» Task statement
Copy the lines below exactly, starting at the one with "12 BRAINROTS + PUZZLES" and ending at the one with "時代服裝版 收藏用壓克力卡 (單位/盒)", and leave out any picture.

» Given entries
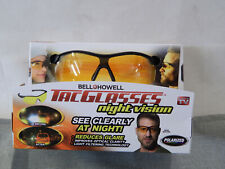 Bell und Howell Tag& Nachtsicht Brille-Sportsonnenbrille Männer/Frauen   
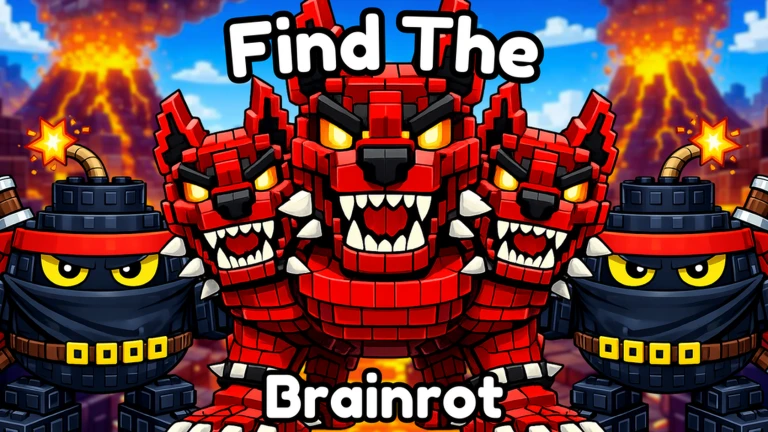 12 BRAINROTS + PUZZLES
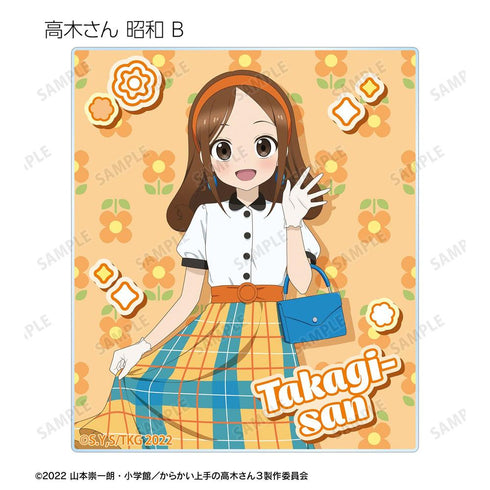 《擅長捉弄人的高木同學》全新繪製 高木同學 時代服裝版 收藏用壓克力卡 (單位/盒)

---

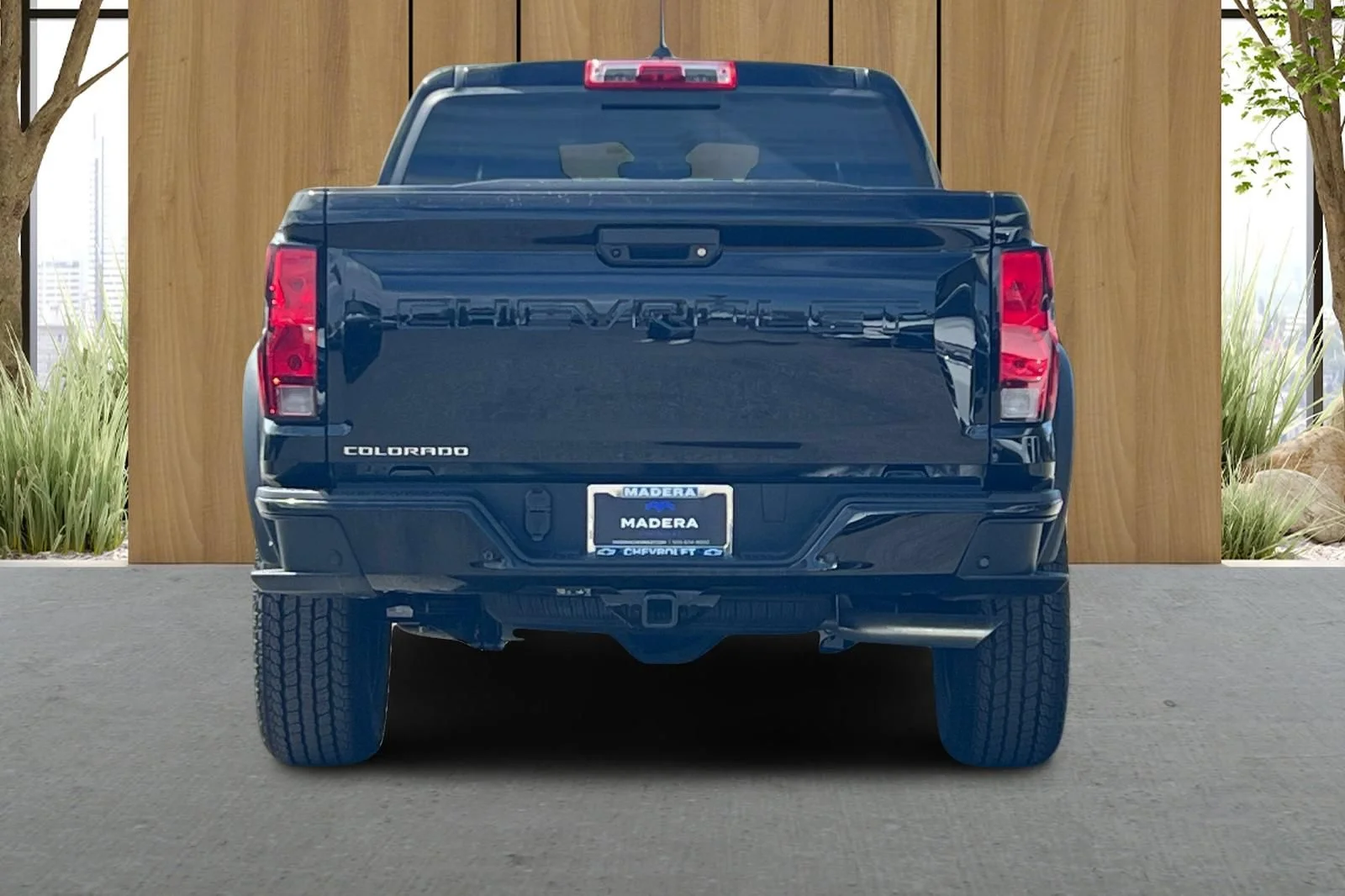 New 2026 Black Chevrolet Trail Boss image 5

» Completed task
 12 BRAINROTS + PUZZLES
 《擅長捉弄人的高木同學》全新繪製 高木同學 時代服裝版 收藏用壓克力卡 (單位/盒)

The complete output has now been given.